Work task> Look through the entries below. Report each line that has the word "Making" in it.

──────

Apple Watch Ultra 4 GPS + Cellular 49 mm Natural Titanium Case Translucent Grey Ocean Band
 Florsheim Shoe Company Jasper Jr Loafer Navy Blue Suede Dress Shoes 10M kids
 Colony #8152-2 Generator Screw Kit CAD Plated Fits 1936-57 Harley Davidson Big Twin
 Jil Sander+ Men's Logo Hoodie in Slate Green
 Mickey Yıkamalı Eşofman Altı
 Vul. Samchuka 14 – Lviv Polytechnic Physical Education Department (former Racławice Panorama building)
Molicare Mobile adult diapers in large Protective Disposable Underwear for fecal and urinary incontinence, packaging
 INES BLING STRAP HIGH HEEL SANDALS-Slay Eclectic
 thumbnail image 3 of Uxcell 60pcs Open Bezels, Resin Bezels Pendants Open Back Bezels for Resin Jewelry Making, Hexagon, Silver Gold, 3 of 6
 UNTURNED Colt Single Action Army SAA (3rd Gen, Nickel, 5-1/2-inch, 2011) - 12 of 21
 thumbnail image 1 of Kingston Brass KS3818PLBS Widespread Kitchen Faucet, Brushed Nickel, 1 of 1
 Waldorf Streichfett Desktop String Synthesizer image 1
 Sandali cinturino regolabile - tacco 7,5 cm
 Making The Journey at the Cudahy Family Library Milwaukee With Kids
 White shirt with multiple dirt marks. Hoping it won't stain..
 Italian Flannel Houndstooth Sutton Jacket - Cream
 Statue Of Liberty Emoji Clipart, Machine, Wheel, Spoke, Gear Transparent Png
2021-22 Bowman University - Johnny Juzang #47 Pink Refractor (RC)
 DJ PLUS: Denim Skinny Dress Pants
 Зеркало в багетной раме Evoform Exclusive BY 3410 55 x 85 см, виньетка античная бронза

──────

Task response>
 thumbnail image 3 of Uxcell 60pcs Open Bezels, Resin Bezels Pendants Open Back Bezels for Resin Jewelry Making, Hexagon, Silver Gold, 3 of 6
 Making The Journey at the Cudahy Family Library Milwaukee With Kids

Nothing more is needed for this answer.